Apple didn't just piss off Microsoft, either. They have all the PC OEMs in a massive race to see who can create the best looking product at the most affordable price.
The PC OEMs already build a more reliable product, as this widely circulated user video comparing a MacBook Air to a Lenovo X301 showcases. Each one first competing to be the first to say "Hey Apple you can kill my " at first and not focused like lasers on each other to make sure no other OEM does it better than they can. And for the first time in over a decade the PC OEMs are in lock step on the Windows 7 launch.
This design focus has already had an impact. For instance in this month's consumer report, for the first time I can recall, a non-Apple All-In-One computer took the top spot, and it was from Dell.
Without Apple constant nagging I doubt that would have been the case.
In addition, many of these firms are looking at matching Apple with Smartphones touting next generation designs coming from HP, and even Dell is thinking about getting into this mix. Though it is RIM, Palm and Google they really have to worry about.
By doing this campaign, and doing well in the market, Apple has placed concentric circles around its products and brand and the PC guys are taking aim.
Where they are already hitting hard is with Netbooks.
The big change we will be seeing over the next several months is with Netbooks and not just those from Microsoft. Google is in test with several of the big OEMs and one is already apparently working on an enterprise version of the product.
Lenovo is supposedly working on a ThinkPad Netbook offering that will likely have technology like a TPM and biometric fingerprint reader for security and centralized management back end to make it all work. Initially most players will be based on Windows 7 and Windows XP, but Google Android is coming and Google plans to really stir the pot.
This last is kind of interesting.
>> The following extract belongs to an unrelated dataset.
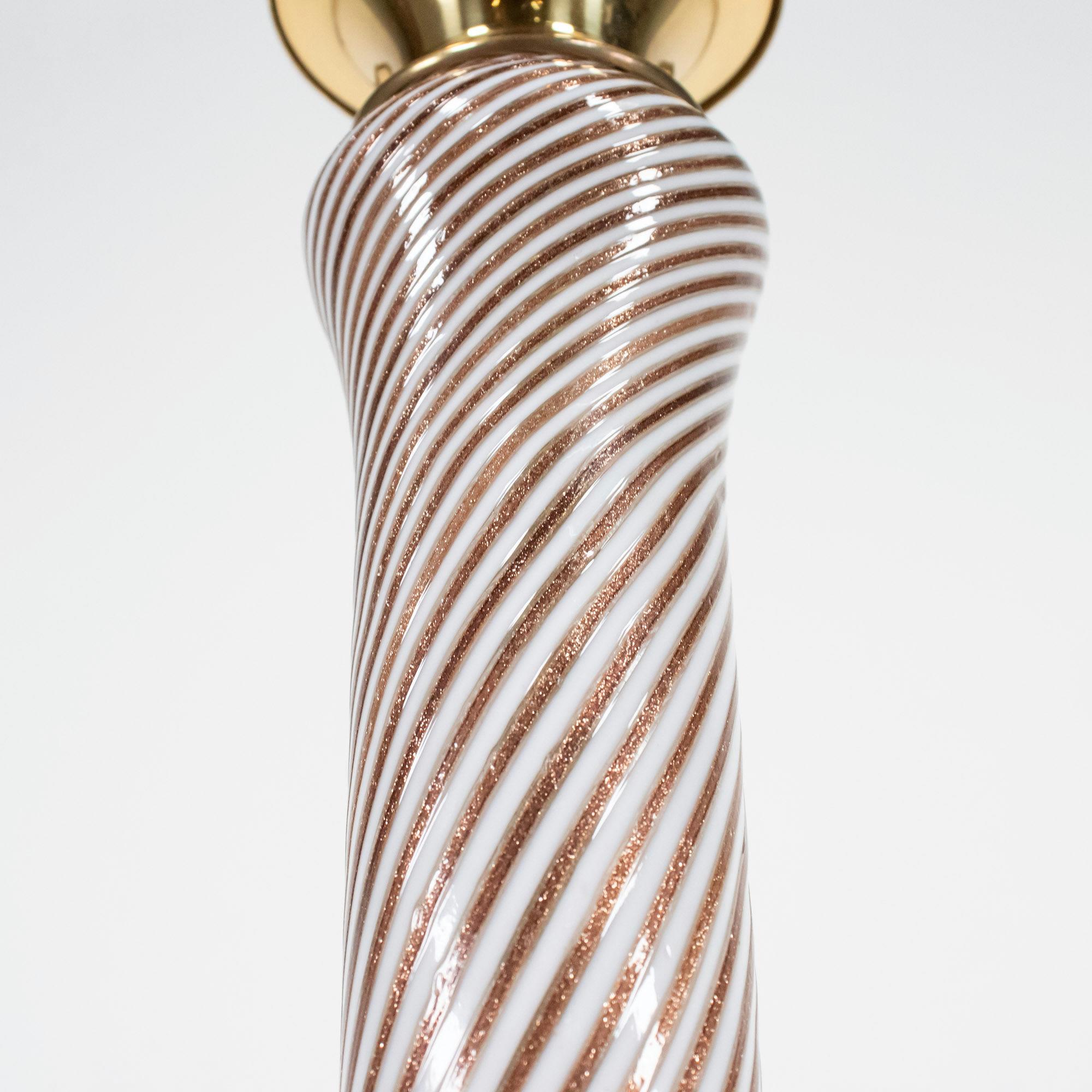 Mid Century Aventurine Filigrana Murano Table Lamp attributed to Dino Martens For Sale 5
Because of all the cell phone platform vendors Google is actually the closest to Apple in the market. And they are already prepping their second generation hardware to go against the third generation iPhone.
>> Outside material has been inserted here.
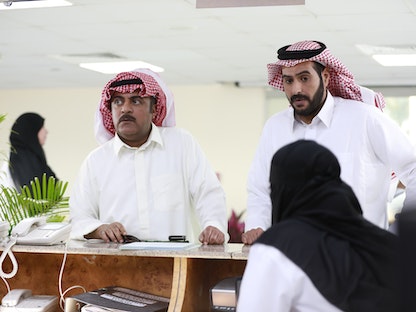 مشهد من المسلسل السعودي "منهو ولدنا؟" - المكتب الإعلامي لمنصة شاهد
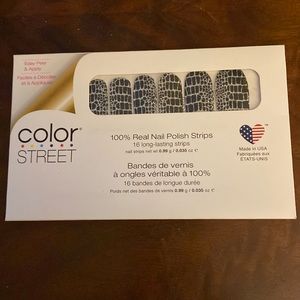 COLOR STREET 100% Nail Polish Strips “Hiss and Make Up”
Google already has nearly as many developers as Apple does and, with a number of hardware vendors ramping up (including HTC, Motorola, and Samsung on record) they will have a wider choice of phones on the market about the time that the latest generation of iPhone launches.
Recall that Sun's excess focus on Microsoft made them miss the Linux wave that slowed Microsoft's growth but obliterated their UNIX based market. Google is attempting to build a platform that has Apple's user experience and Microsoft's multi-hardware vendor approach.
In effect the first vendor that Google will be applying the "embrace, extend, and extinguish" model to isn't Microsoft, its Apple. And this probably won't end well for Apple unless they wake up and smell the roses.
Apple's excess focus on Microsoft is causing them to drift towards Sun's model at a time when Google is ramping up to move into the market and possibly take Apple out on their way to their ultimate goal of displacing Microsoft.
This could repeat the Linux attack on Microsoft which, while not intending to take UNIX out, had that result even though the initial Linux effort was supposed to be targeted at Windows.
Apple needs to get over its PC envy, find a way to respond to the Netbook, PALM, and Google threats, and figure out how to survive without Steve Jobs. It faces an event like it hasn't seen since the Windows 95 launch, a Windows platform that is vastly improved, better marketed, and comes at a time when Steve Jobs may no longer be able to function in his traditional role.
In short, they need to go back to reminding people why they should want a Mac before Oracle buys them (they tried before), and shuts them down, too. Granted, Larry is probably one of the few people that might be able to replace Steve Jobs so this might not entirely be a bad thing. But I have a hard time believing that the Apple fan base would be particularly happy with this outcome.